## What you need to do
Quote the whole listing exactly. Leave the pictures out of your copy.

== Provided data ==

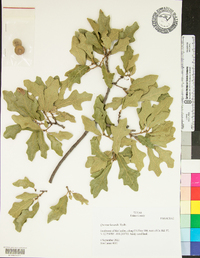 Quercus havardii image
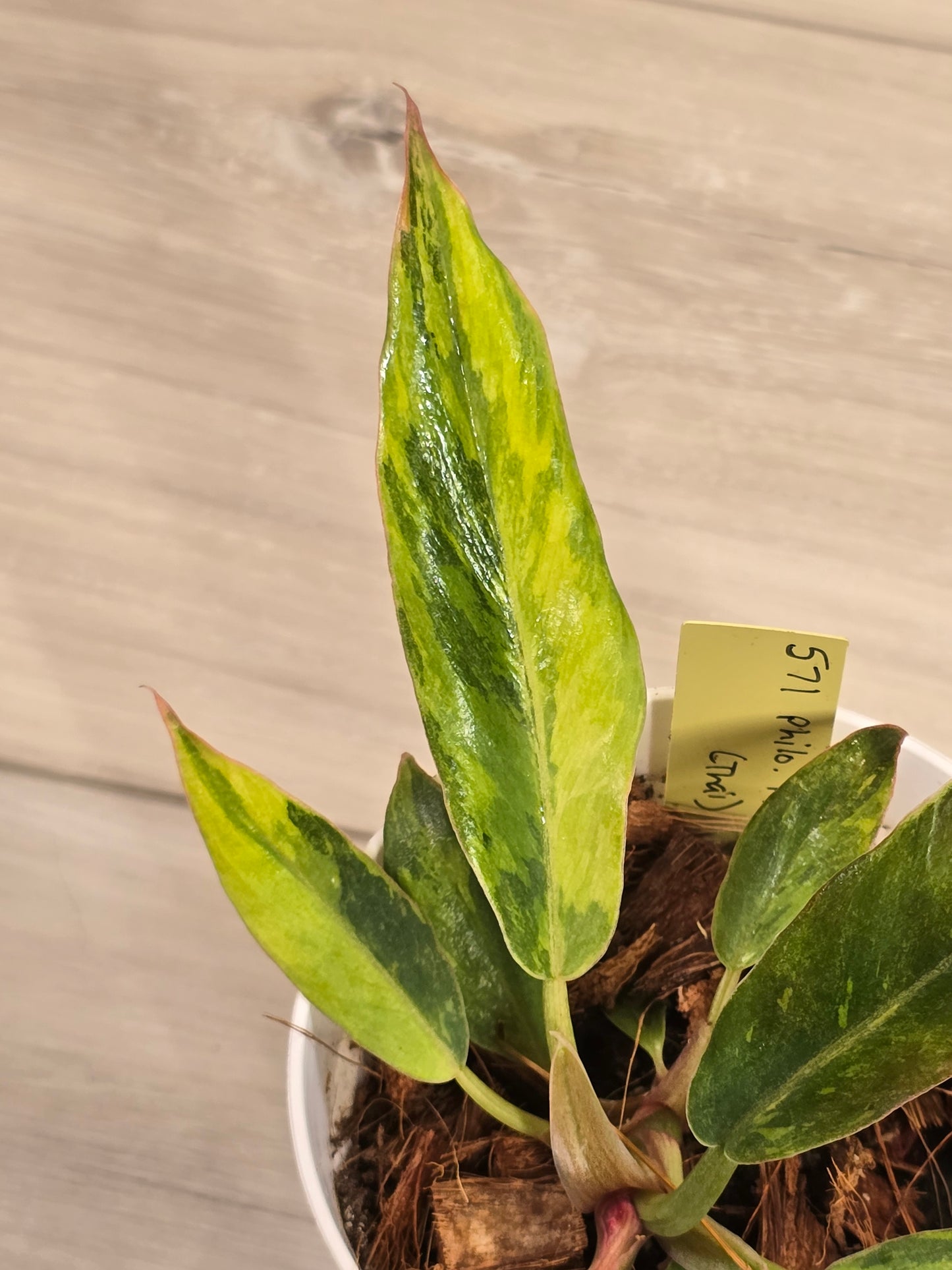 Philodendron Caramel Fire Tiger #571 Rare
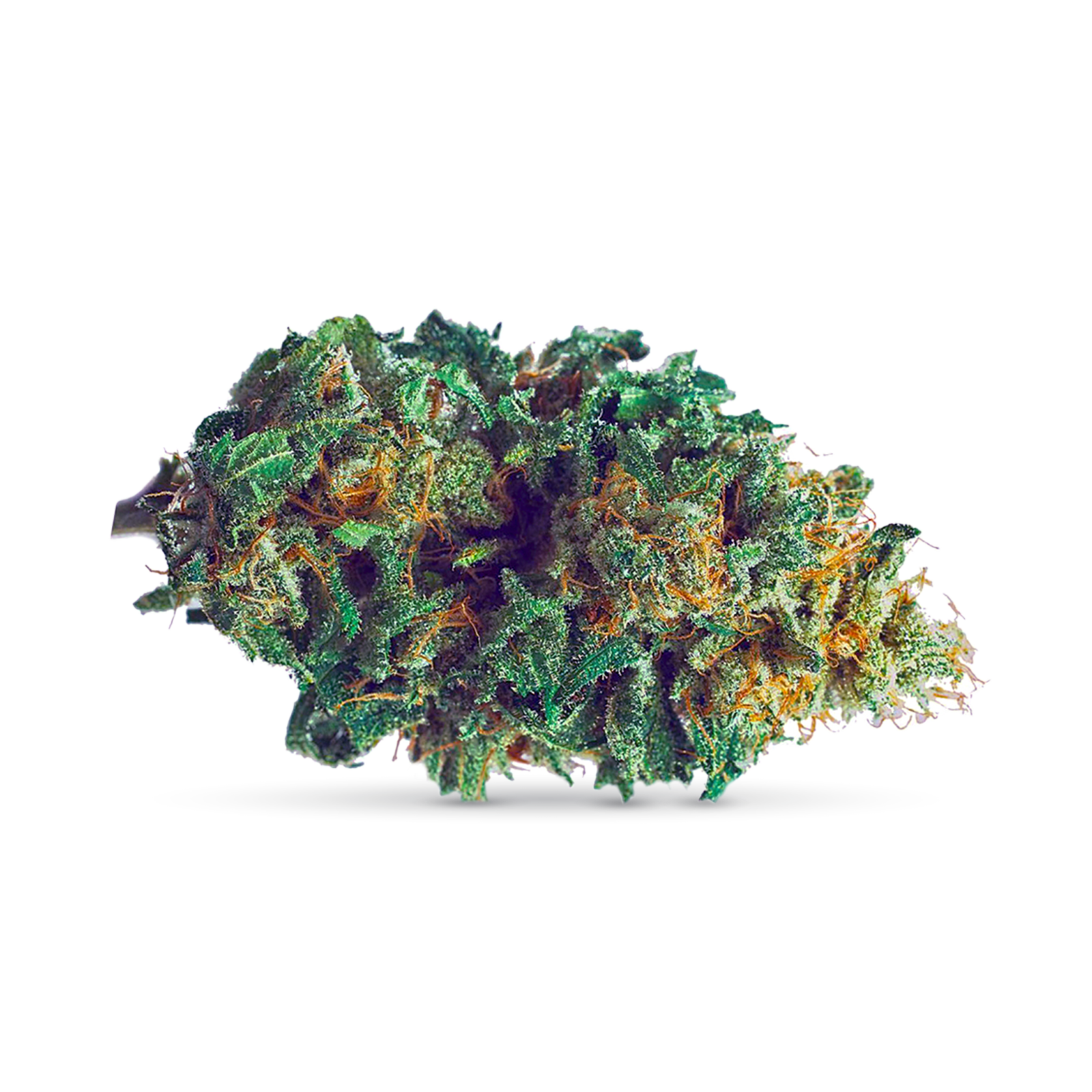 Photograph of product: Harlequin (DOH) - 7g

===

## Answer to this problem
 Quercus havardii image
 Philodendron Caramel Fire Tiger #571 Rare
 Photograph of product: Harlequin (DOH) - 7g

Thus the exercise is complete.